Work instructions.
Omit the images, then print each record below exactly as it reads.

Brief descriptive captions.

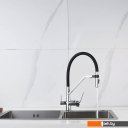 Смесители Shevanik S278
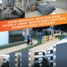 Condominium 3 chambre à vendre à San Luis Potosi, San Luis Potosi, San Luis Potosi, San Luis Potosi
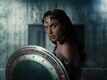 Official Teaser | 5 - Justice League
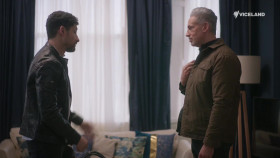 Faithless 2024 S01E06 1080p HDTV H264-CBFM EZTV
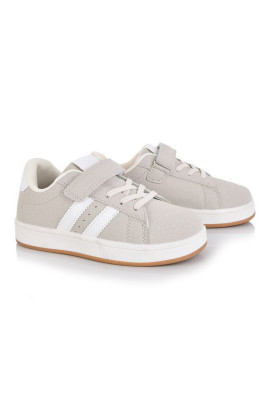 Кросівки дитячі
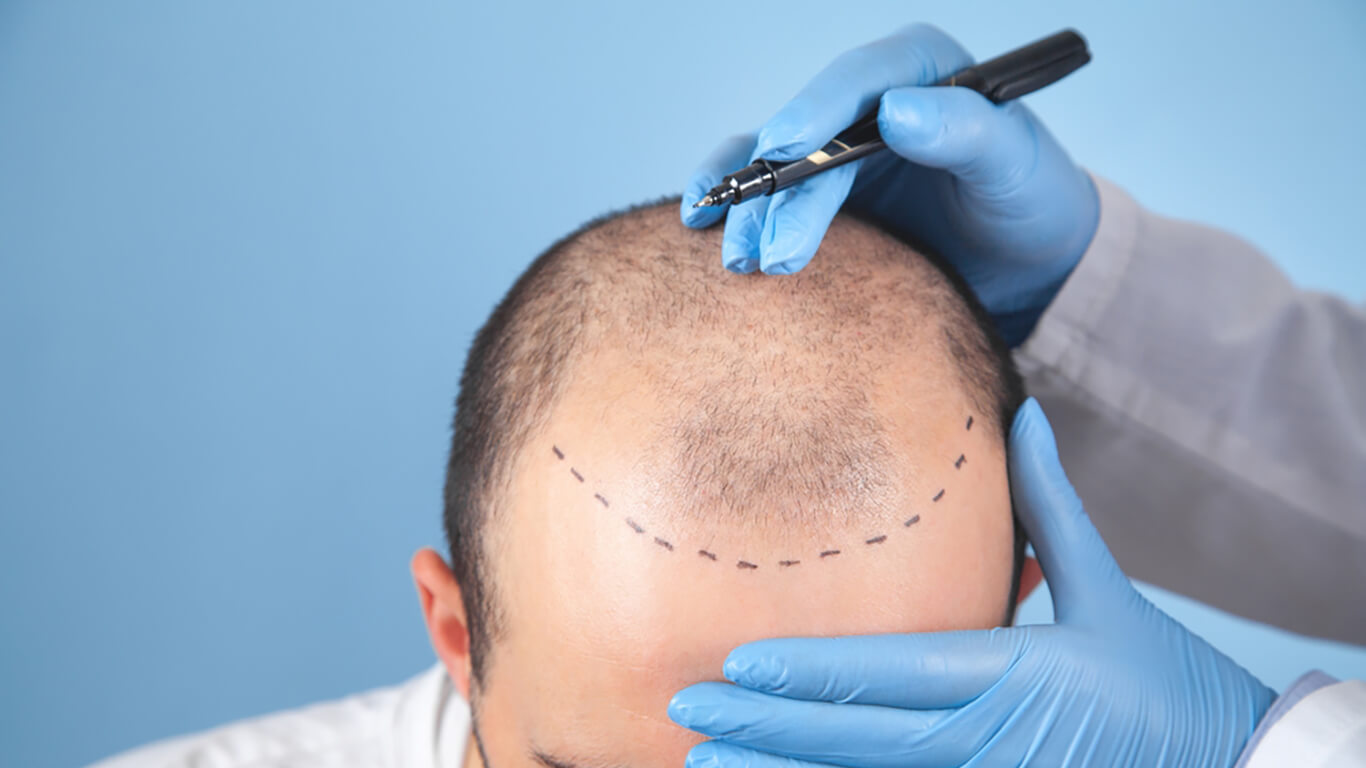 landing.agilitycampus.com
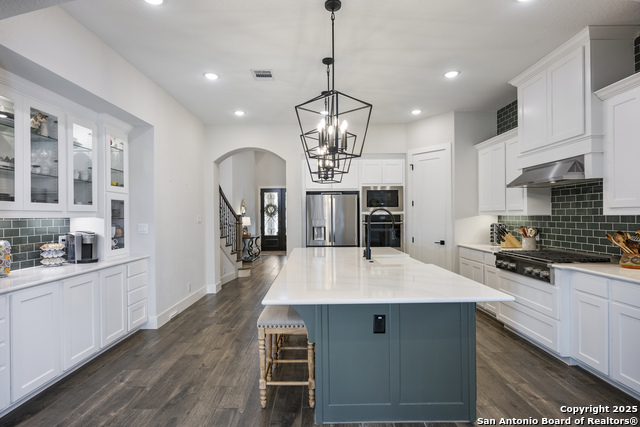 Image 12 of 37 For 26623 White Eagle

The answer.
 Смесители Shevanik S278
 Condominium 3 chambre à vendre à San Luis Potosi, San Luis Potosi, San Luis Potosi, San Luis Potosi
 Official Teaser | 5 - Justice League
 Faithless 2024 S01E06 1080p HDTV H264-CBFM EZTV
 Кросівки дитячі
 landing.agilitycampus.com
 Image 12 of 37 For 26623 White Eagle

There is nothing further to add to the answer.